Start spreading the news…Ess-a-Bagel has made its way from New York to Tidewater.
Baker’s Crust Bagel, a new concept by restauranteur John Stein, is now open at The Shops at Hilltop. The eatery features a full menu of Ess-a-Bagel bagels, deli sandwiches, and Three Ships Coffee, along with side options, including pickles, coleslaw, and assorted salads and desserts.
In the restaurant business for 31 years, Stein reminisces about Mike’s Deli on Colley Ave. in Ghent, where the corned beef was sliced to order. “I always had in my mind to bring that back to the area,” he says. And now, he is on his way.
Since Stein was already buying Ess-a-Bagel bagels for his other restaurants, he approached the owners about opening a local store, and they were willing.
Established in New York City in 1976 by an Austrian Jewish baking family, Ess-a-Bagel has a loyal following in New York and beyond. For Baker’s Crust Bagel, Ess-a-Bagel’s bagels are mixed, hand-shaped, and boiled in New York – but baked in Virginia. “It’s an authentic New York bagel,” Stein says.
The Hilltop location is a bit different from the old-style New York deli, Stein points out. He purposely designed the location to be a brighter, happier space. Bagels are not the only menu item fashioned from New York; the pastrami comes from Carnegie Deli (cooked on-site), and the belly nova is sliced thin like Katz’s Deli.
“We take great pride in being authentic. A lot of care and love goes into our product,” Stein says.
Stein also serves as president of Baker’s Crust, a chain of restaurants with artisan kitchens, and he owns Virginia Beach’s Quemar wood fired cocina, a casual restaurant serving Latin American and Mexican cuisine.
Since Baker’s Crust Bagel resides next door to CycleBar, an indoor cycling workout studio, Stein added healthier options to the menu. Acai bowls and smoothies add to the assortment (Stein’s favorite is PB Power Up), and he even sources the artisan granola from out-of-state. “These additions make our bagel store special. We are offering more than a bagel sandwich.” Ten varieties of seltzer-whipped cream cheese, made from fresh ingredients, populate the assortment.

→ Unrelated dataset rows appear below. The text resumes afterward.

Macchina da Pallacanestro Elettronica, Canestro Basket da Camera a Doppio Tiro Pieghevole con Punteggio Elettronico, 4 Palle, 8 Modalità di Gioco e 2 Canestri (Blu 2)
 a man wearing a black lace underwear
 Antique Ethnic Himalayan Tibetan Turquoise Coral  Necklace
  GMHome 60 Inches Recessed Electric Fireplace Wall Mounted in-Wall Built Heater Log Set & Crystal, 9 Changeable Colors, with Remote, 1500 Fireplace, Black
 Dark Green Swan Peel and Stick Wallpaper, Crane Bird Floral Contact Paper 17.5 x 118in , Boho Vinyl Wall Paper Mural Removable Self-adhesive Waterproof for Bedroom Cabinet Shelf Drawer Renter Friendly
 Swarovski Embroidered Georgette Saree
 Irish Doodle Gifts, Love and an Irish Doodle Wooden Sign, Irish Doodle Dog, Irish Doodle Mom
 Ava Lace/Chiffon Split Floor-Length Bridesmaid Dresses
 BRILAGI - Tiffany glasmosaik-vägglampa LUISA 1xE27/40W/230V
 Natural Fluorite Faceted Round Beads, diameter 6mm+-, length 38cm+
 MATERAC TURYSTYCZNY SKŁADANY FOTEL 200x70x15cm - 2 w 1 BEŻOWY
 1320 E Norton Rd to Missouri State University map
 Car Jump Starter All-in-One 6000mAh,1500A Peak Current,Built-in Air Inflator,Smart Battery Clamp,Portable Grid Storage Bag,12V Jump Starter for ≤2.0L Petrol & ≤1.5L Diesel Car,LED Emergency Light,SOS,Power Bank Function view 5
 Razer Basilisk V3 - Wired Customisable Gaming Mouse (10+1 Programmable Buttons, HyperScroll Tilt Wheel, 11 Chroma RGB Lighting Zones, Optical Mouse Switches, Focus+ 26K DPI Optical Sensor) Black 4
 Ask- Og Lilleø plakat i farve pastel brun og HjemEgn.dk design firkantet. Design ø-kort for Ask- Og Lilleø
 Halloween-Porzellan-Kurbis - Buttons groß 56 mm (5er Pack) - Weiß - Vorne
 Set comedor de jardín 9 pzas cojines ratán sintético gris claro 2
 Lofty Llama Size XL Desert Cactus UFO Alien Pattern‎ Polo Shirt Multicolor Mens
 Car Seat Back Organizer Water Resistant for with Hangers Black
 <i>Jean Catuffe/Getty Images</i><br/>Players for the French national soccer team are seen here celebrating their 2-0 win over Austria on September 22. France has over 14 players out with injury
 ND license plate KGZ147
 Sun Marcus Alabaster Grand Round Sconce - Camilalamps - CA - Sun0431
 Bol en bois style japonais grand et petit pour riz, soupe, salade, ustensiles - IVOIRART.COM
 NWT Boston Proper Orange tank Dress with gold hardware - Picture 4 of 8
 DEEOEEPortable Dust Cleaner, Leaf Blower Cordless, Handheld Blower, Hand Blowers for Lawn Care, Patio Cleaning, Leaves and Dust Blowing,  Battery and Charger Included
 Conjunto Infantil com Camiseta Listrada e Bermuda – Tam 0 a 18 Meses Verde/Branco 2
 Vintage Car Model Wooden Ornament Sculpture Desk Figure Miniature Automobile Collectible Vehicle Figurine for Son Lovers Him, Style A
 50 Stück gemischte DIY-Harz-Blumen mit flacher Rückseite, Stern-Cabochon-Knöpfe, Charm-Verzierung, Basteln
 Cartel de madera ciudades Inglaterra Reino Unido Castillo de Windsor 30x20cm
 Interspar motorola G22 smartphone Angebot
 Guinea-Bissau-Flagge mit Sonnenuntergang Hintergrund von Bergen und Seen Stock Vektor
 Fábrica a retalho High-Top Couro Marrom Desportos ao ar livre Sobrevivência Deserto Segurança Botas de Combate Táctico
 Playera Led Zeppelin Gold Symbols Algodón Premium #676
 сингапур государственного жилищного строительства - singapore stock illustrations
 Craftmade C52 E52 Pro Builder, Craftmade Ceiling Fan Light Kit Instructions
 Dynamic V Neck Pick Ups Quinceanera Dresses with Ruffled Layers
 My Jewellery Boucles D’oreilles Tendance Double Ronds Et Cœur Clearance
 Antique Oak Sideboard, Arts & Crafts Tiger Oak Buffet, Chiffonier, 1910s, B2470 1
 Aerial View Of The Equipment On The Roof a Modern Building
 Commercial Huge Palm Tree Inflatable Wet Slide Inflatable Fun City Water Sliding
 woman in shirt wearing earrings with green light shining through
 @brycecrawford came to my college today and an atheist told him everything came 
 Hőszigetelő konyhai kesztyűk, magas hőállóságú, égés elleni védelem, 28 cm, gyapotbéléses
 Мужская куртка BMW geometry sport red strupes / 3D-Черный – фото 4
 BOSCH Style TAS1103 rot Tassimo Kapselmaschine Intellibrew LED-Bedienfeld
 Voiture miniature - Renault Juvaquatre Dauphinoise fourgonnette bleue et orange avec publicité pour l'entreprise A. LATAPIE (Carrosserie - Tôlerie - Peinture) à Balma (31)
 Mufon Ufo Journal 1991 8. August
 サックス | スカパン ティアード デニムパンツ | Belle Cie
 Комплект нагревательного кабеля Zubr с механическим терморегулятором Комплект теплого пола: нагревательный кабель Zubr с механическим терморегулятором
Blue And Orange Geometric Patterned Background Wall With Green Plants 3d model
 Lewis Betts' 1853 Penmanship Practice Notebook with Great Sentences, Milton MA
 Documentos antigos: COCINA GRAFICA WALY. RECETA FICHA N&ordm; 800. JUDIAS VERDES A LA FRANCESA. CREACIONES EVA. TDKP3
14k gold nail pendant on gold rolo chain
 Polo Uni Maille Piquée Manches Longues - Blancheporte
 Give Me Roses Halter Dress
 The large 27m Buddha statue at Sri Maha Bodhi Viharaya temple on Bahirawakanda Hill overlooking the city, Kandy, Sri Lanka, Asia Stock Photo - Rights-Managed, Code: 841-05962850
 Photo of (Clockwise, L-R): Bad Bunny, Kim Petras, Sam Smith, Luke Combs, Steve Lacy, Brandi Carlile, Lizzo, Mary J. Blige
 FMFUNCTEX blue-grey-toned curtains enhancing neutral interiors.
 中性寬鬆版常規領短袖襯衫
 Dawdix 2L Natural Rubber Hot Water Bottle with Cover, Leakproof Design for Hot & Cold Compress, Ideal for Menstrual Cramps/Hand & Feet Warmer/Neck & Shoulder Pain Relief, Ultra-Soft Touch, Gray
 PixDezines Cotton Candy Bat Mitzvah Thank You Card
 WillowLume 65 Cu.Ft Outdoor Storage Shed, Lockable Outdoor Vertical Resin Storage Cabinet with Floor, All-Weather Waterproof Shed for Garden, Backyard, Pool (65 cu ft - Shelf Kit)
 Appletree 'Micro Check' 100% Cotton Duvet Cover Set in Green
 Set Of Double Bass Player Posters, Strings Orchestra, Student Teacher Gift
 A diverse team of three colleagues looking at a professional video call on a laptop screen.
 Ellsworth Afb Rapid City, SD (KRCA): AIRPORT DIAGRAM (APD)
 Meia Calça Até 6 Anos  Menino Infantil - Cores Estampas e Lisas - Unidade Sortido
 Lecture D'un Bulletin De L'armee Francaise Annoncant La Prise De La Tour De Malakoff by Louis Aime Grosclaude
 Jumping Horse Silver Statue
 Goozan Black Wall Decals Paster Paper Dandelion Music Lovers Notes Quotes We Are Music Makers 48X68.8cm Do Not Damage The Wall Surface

Stein also mentions that customers are grateful for the gluten-free bagels, which come from New Jersey. Although the bagels are pricier to import, Stein wants the offering on his menu at an affordable price.
“A lot goes on behind the scenes that people are unaware of,” he says. Growing pains include adjusting from a full-service operation, like Baker’s Crust restaurants, to the fast-casual model of a bagel store. Kiosks and hand-held ordering devices are available, although customer service remains a top priority.
Some customers, he says, are already returning two, three, and four times each week.
Looking ahead, Stein says he envisions an open drive-thru location as part of an expansion of Baker’s Crust Bagel. As their website proclaims, it’s possible to “escape to a New York state of mind at Baker’s Crust Bagel” without ever leaving Tidewater, and perhaps in the future, even without leaving the car.